Choice of model or analogy is important. If your students are not familiar with an object or situation, you should not use it as part of a model or an analogy, as it could make them more confused.
It is also important to be aware of possible additional misunderstandings created by the models you use. Sometimes, students can be distracted by what you as a teacher regards as irrelevant details, or can misapply some of the details when they recall the model.
For example, you might use a ‘roller coaster’ model of electric circuits to model the need for electrical potential. This shows the idea that the cars need to be dragged up to a high point before they will start to roll on their own, and the idea that all the charge just moves round the circuit with the idea that all the cars just go round the track and nobody gets out during the ride. This should be a suitable model, but it is possible that instead of learning what you intended, your students might fixate on ‘the first hill of a roller coaster is always the highest’ and decide that somehow there is less energy available as you go further round a circuit.
You will only know that misunderstandings have crept in with your model if you ask your students about the model and listen carefully to check their understanding. You can also pick up some issues by asking your students to draw diagrams or add information and comments to diagrams that you have provided. You can find out more about probing your students’ understanding in the unit Probing understanding: work and energy, and in the key resource ‘Assessing progress and performance’.
This activity is to give you experience of using and evaluating physical models with your class. You will need Resource 2 for this activity.
You could introduce and use either of these models at various times during a teaching sequence, but asking students to compare and evaluate models can be particularly useful at the end of a topic, as it can help students to review their understanding.
Before the lesson, identify what groups your students will work in and how you are going to introduce the activity without telling them too much about the two models.
You will need to provide an instruction sheet or a poster, including the questions you want your students to think about, for each model. Each group of students needs to try out both models. Some groups will start with the rope model and other groups, with the ‘sweets’ model. Then you will need to stop everyone so they can swap resources with a group using the other model.
Circulate around the groups as they work. Encourage them to share their ideas with each other. Be prepared for things to get noisier than usual, especially if your students are trying to make themselves heard in large working circles.
When everyone has tried both models, discuss the questions with the whole class.
Ask your students to discuss in their groups what are the strengths and limitations of each model. Discuss these ideas as a whole class.

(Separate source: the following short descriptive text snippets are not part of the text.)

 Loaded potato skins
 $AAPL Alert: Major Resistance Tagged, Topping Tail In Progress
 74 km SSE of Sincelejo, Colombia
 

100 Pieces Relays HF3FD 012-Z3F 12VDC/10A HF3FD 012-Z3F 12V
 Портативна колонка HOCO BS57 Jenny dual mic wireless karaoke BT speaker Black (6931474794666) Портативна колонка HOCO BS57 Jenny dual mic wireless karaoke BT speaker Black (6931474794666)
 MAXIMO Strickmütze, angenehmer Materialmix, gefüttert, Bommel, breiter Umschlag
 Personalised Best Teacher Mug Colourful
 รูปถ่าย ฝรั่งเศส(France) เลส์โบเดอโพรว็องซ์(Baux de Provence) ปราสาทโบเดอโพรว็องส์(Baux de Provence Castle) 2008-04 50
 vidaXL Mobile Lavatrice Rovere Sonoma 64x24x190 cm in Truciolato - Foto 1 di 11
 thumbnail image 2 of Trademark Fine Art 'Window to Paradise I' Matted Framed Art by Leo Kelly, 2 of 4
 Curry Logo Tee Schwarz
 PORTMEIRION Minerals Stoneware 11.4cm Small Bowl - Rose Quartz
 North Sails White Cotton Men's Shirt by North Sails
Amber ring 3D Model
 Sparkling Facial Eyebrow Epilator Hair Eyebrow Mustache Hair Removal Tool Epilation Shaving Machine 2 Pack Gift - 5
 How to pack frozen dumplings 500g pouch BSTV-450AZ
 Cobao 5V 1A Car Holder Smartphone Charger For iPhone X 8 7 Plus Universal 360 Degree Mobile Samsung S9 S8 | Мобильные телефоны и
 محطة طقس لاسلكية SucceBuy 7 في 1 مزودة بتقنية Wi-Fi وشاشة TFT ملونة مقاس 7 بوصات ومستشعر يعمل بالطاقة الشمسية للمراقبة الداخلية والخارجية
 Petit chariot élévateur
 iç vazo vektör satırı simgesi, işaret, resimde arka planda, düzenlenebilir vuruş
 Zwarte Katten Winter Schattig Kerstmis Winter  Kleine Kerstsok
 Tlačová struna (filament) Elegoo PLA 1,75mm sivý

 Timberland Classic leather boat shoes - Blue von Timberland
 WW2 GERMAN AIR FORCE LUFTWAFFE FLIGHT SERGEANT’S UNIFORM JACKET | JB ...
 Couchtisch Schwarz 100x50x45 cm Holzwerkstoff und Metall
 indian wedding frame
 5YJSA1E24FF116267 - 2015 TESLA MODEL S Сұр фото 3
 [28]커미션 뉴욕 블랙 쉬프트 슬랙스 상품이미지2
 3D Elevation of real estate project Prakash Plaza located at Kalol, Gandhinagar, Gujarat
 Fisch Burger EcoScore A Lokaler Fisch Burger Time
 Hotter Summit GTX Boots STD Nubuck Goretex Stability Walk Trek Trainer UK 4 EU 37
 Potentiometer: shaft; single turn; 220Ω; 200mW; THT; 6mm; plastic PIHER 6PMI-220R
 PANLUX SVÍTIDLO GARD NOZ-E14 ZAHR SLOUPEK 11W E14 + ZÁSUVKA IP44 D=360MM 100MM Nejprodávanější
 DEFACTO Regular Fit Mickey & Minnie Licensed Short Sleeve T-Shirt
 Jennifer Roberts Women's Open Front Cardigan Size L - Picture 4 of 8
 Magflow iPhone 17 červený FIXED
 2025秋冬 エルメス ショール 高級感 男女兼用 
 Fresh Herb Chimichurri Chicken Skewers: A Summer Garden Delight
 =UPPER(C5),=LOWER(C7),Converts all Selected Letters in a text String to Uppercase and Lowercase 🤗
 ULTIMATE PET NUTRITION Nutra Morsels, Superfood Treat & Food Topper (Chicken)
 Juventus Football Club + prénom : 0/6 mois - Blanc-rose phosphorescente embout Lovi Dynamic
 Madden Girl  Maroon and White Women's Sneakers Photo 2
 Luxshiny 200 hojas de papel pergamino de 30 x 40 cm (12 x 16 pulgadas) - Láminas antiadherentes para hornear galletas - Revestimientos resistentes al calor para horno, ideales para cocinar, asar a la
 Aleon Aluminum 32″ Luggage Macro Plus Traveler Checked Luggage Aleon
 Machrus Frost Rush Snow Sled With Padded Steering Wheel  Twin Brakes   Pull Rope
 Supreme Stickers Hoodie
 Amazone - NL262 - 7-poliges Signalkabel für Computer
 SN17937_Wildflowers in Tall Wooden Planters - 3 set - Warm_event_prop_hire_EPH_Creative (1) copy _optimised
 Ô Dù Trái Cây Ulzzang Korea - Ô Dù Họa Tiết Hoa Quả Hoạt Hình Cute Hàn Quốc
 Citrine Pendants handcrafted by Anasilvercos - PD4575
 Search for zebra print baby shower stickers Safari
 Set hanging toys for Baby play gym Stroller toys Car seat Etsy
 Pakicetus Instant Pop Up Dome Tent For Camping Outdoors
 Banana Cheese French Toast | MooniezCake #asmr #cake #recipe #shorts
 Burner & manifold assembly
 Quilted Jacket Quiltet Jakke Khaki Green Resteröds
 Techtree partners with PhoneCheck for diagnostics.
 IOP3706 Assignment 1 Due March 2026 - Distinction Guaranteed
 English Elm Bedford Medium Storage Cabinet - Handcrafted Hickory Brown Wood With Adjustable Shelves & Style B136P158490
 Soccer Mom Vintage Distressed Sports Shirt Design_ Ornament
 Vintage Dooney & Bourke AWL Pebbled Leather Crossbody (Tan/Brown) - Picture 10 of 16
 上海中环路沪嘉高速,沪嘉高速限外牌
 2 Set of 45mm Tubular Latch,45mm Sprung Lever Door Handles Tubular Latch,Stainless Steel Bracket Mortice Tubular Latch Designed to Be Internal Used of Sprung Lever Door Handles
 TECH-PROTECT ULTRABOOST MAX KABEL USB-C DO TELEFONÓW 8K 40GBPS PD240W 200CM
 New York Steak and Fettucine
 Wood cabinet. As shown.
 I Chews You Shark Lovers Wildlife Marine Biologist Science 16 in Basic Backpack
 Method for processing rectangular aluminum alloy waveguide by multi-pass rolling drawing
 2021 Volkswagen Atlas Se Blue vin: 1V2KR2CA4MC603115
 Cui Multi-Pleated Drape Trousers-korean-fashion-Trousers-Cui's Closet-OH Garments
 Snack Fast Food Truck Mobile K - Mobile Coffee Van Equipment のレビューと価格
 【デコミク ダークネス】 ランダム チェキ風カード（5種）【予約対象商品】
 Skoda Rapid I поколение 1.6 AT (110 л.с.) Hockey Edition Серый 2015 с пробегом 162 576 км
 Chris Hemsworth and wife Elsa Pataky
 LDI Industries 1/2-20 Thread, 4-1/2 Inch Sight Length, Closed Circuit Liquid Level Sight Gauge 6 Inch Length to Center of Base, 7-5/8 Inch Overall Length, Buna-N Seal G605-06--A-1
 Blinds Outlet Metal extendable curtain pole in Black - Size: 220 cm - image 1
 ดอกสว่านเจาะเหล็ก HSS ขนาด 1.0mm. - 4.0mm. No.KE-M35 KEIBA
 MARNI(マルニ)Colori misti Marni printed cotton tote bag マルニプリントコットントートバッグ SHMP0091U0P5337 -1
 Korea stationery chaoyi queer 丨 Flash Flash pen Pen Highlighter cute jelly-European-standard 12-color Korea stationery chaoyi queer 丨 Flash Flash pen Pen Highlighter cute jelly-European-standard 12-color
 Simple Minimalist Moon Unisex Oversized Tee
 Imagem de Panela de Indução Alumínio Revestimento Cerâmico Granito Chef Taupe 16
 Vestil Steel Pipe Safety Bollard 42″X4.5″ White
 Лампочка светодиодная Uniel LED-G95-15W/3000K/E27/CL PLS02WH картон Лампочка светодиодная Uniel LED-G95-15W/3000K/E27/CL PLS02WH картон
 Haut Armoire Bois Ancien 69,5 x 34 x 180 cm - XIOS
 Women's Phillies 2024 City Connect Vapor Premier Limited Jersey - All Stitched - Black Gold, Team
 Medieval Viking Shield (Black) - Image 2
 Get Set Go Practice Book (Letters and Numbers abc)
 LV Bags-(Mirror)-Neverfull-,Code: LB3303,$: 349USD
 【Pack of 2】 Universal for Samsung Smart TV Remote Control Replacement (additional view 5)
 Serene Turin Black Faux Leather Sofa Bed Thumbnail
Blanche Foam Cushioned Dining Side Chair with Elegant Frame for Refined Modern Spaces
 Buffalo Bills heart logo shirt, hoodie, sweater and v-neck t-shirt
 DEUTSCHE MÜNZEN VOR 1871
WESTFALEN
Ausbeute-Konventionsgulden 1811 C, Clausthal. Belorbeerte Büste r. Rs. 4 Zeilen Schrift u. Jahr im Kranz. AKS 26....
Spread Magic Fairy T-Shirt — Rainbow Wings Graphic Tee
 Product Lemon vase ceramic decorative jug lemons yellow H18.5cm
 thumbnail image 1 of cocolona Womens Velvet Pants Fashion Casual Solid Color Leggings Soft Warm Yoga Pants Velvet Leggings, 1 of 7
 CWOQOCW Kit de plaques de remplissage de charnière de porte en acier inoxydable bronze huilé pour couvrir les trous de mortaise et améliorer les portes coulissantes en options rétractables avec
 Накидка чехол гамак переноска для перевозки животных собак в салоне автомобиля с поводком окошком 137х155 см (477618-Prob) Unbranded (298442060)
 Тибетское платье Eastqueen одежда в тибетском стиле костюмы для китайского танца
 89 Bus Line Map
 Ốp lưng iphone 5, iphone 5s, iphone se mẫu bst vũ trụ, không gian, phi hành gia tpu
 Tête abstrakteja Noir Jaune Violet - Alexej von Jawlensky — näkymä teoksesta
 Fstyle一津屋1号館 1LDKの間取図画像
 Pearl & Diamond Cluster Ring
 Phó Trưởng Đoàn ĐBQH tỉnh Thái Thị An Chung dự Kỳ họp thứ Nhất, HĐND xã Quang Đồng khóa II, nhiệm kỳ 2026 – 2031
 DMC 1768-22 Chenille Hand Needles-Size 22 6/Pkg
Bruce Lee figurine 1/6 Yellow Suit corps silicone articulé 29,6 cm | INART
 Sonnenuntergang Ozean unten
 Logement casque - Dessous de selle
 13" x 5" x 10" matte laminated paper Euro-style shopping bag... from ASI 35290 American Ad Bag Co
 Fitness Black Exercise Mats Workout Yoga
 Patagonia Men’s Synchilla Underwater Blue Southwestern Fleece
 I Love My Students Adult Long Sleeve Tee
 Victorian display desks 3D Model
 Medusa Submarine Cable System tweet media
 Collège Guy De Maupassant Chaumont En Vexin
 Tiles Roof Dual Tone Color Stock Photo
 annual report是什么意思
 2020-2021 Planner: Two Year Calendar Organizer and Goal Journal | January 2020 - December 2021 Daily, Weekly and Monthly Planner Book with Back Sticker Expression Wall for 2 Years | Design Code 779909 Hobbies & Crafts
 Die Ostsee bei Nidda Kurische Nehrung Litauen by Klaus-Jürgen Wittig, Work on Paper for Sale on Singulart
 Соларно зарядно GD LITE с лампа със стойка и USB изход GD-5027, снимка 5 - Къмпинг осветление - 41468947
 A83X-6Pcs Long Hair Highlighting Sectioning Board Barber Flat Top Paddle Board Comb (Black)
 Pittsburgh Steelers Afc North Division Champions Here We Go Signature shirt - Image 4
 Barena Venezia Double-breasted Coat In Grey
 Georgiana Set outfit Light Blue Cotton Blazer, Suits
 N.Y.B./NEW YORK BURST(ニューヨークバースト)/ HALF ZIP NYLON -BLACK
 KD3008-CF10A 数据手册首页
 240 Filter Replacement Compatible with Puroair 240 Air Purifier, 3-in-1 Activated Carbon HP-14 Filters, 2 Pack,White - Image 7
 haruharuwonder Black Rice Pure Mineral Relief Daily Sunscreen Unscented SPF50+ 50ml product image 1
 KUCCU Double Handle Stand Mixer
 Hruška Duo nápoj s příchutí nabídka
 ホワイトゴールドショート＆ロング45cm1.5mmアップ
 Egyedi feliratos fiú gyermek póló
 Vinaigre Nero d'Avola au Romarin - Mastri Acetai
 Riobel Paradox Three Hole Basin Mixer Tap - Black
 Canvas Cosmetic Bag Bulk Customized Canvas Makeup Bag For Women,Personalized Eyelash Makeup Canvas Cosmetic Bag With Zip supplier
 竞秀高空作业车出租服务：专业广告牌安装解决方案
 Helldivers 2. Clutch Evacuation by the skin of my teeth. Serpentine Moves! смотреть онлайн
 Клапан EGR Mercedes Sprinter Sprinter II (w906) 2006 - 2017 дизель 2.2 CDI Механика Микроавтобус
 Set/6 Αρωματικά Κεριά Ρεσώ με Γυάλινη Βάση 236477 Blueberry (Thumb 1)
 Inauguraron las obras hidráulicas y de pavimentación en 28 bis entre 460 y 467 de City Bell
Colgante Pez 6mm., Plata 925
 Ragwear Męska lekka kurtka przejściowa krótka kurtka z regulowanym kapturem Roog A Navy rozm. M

In this unit, you have learned about some of the things that make electricity a difficult topic and how you can use models to support your teaching.
Case Study 2 and Activity 3 examined the use of one technique, role play, in the context of teaching about electric circuits. There are, however, several different ways of using models and in Activity 2 you identified several topics where a model could help students’ understanding.
There is sometimes a feeling that by Class X, students should be developing mental models, rather than physical models. However, physical models are very helpful in supporting the process of developing understanding and even university students can benefit from using physical models, for example, in chemistry, building models of molecules to understand different forms of isomerism.
For your next teaching topic, identify where students are most likely to have conceptual difficulties and where the use of models is likely to be helpful. Consider what models and analogies would be most suitable.
Discuss your plans for the activities with your colleagues:
Draw up a teaching plan for including at least one modelbased activity in the teaching sequence.
This resource is used in Activity 1.
Section  Activity  Key teaching points/What do I want students to learn from activity and related text?  Sources of difficulty? Possible misunderstandings? 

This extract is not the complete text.